A despeito de posterior invalidação genérica desse regramento por parecer normativo, é incontroverso que a servidora permaneceu filiada ao RPPS, vertendo contribuições de forma regular, contínua e com expectativa legítima de percepção do benefício., vide id 26172934 fls 19.
No caso, a solução que mantém a aposentadoria no RPPS evita o locupletamento estatal e preserva a boa-fé, sem afastar o controle constitucional do concurso público; protege-se o ato de aposentadoria à luz da lei de regência aplicável quando preenchidos os requisitos, com remessa necessária já determinada. Mantém-se, assim, a sentença nos seus exatos termos.
O Tribunal de Justiça do Estado do Piauí, em precedentes de relatoria do Des. Erivan Lopes (Apelação Cível nº 0816957-04.2021), do Des. Oton Mário José Lustosa Torres (Agravo de Instrumento nº 2016.0001.006140-9) e da Desa. Eulália Maria Pinheiro (Mandado de Segurança nº 2015.0001.005592-2), reconheceu o locupletamento ilícito do órgão previdenciário estadual e a violação à boa-fé objetiva quando, após longo período de recolhimento de contribuições do segurado, nega-lhe a qualidade necessária apenas no momento da inatividade, sob o argumento de inexistência de vínculo efetivo para fins previdenciário
Desta forma, conforme os precedentes já mencionados a manutenção da sentença e é medida que se impõe.

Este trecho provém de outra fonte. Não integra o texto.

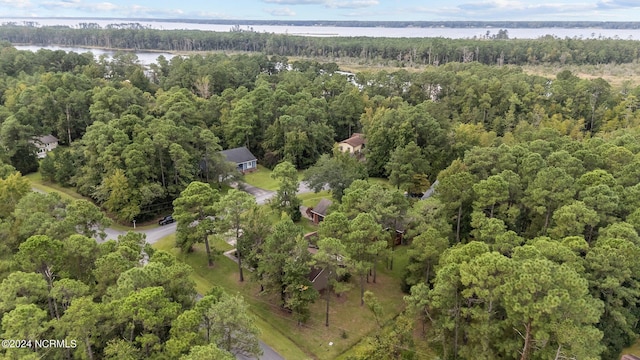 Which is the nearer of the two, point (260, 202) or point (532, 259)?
point (532, 259)

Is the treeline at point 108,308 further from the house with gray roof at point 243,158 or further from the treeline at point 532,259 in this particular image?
the house with gray roof at point 243,158

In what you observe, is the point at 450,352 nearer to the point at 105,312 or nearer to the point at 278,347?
the point at 278,347

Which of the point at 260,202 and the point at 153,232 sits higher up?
the point at 260,202

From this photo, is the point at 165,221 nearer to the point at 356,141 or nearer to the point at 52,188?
the point at 52,188

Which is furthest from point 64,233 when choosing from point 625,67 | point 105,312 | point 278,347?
point 625,67

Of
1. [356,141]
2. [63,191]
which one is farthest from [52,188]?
[356,141]

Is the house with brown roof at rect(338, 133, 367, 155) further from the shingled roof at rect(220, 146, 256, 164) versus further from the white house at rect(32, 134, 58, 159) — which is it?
the white house at rect(32, 134, 58, 159) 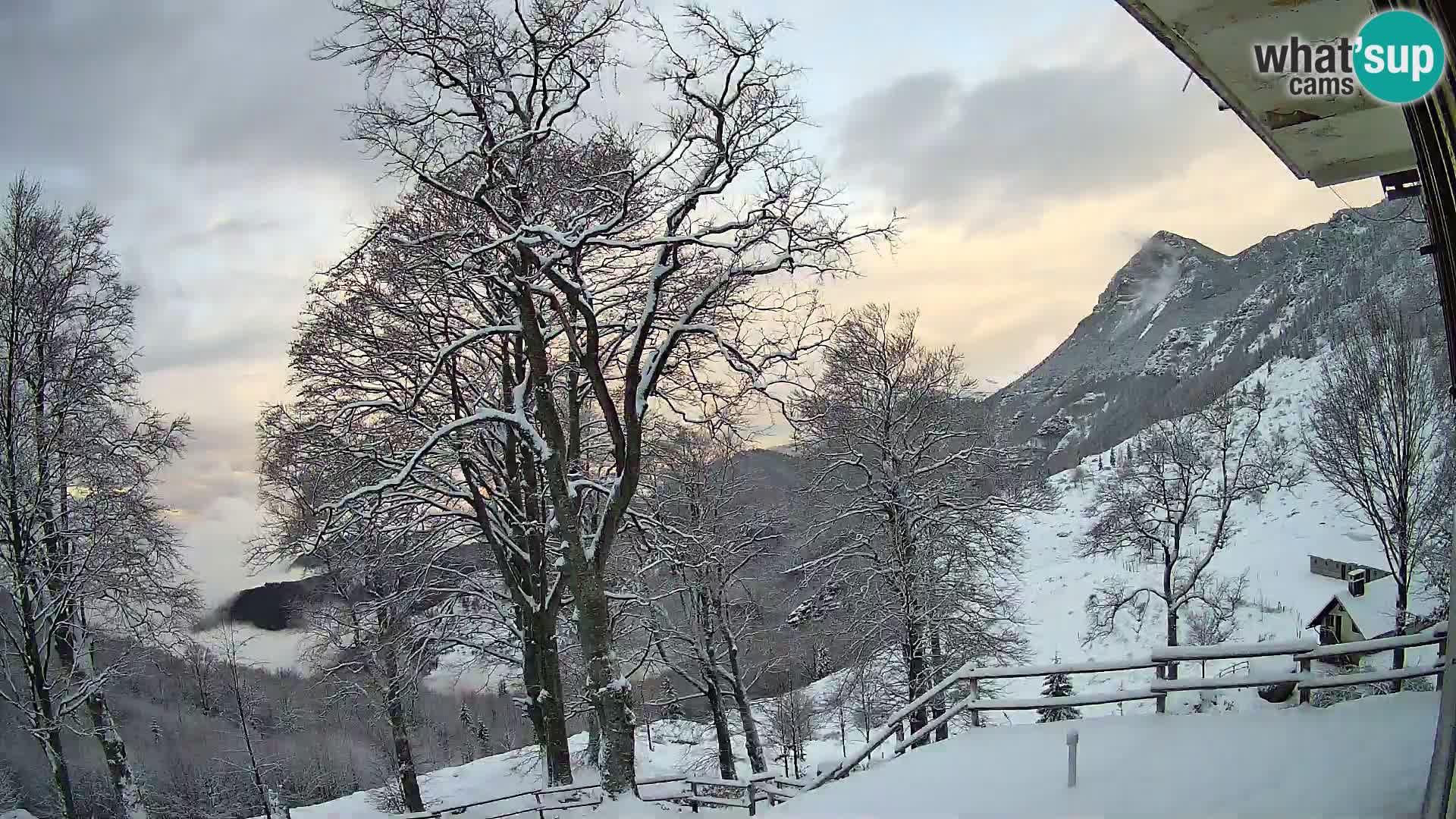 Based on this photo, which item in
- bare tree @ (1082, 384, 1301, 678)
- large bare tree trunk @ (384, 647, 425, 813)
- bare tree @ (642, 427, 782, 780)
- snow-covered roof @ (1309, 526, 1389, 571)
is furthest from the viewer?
snow-covered roof @ (1309, 526, 1389, 571)

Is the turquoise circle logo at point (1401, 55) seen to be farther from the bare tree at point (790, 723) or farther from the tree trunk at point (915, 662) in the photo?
the bare tree at point (790, 723)

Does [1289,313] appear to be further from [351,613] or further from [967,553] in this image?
[351,613]

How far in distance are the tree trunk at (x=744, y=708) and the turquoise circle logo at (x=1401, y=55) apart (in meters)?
16.2

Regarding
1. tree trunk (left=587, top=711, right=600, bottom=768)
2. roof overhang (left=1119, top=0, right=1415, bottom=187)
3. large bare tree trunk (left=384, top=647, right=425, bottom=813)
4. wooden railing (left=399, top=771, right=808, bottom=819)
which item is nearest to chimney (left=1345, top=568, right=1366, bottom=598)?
tree trunk (left=587, top=711, right=600, bottom=768)

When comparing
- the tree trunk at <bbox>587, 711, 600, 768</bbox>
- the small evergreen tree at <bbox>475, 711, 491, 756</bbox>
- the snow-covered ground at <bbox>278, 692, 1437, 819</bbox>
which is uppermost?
the snow-covered ground at <bbox>278, 692, 1437, 819</bbox>

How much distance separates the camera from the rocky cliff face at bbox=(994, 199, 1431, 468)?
A: 73.2m

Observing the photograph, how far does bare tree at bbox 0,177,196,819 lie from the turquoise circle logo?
1534 cm

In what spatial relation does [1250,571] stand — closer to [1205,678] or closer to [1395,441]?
[1395,441]

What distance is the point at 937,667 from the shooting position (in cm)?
1681

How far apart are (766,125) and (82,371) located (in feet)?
37.1

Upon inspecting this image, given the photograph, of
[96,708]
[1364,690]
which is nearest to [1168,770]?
[96,708]

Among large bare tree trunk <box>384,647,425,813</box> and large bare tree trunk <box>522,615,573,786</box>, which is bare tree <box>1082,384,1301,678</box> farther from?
large bare tree trunk <box>384,647,425,813</box>

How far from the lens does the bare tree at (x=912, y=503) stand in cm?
1697

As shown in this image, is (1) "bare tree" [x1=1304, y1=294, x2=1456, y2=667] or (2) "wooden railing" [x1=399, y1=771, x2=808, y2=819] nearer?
(2) "wooden railing" [x1=399, y1=771, x2=808, y2=819] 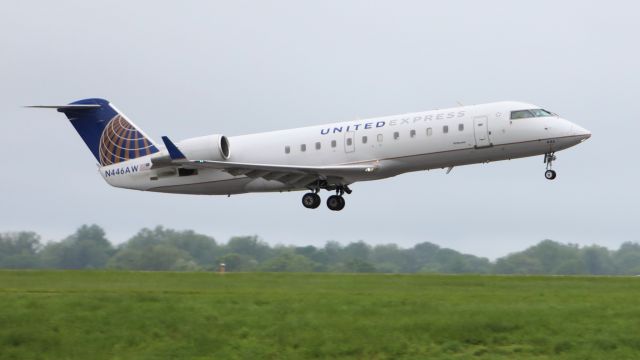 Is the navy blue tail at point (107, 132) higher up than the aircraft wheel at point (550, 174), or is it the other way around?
the navy blue tail at point (107, 132)

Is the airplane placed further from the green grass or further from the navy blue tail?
the green grass

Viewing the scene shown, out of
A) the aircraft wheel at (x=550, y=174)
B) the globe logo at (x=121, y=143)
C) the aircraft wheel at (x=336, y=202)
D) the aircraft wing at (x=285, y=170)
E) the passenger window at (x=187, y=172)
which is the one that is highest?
the globe logo at (x=121, y=143)

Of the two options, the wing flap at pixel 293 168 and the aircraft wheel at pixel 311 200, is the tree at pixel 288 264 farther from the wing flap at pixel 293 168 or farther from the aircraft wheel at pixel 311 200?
the wing flap at pixel 293 168

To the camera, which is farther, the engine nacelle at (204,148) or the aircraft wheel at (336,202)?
the aircraft wheel at (336,202)

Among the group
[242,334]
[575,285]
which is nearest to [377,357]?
[242,334]

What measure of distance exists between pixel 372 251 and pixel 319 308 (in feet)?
201

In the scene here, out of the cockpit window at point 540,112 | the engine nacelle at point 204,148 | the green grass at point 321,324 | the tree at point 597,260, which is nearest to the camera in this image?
the green grass at point 321,324

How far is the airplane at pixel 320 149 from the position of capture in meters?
34.5

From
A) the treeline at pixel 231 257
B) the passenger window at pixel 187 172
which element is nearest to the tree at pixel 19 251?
the treeline at pixel 231 257

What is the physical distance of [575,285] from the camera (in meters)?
25.6

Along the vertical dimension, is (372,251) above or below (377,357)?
above

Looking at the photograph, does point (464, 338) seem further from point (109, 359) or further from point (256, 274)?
point (256, 274)

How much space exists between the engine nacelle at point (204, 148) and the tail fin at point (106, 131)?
3.18 m

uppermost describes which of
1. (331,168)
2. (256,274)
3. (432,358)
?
(331,168) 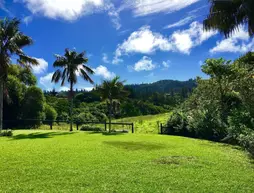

Ante o exposto, em consonância com o parecer ministerial, e com fulcro no art. 932, inciso IV, alínea “b”, do Código de Processo Civil, nego provimento à apelação interposta por FUNDAÇÃO PIAUÍ PREVIDÊNCIA e ESTADO DO PIAUÍ, mantendo, em julgamento monocrático, a r. sentença de primeiro grau que concedeu a segurança requerida por TERESINHA DE JESUS SOUSA SANTOS, nos termos do art. 487, I, do CPC, reconhecendo seu direito à aposentadoria por tempo de contribuição no Regime Próprio de Previdência Social do Estado do Piauí,
Sem honorários recursais, à luz do art. 25 da Lei nº 12.016/2009.
Intimem-se as partes.
Transcorrido o prazo recursal sem manifestação, remetam-se os autos ao juízo de 1º grau, dando-se baixa na distribuição.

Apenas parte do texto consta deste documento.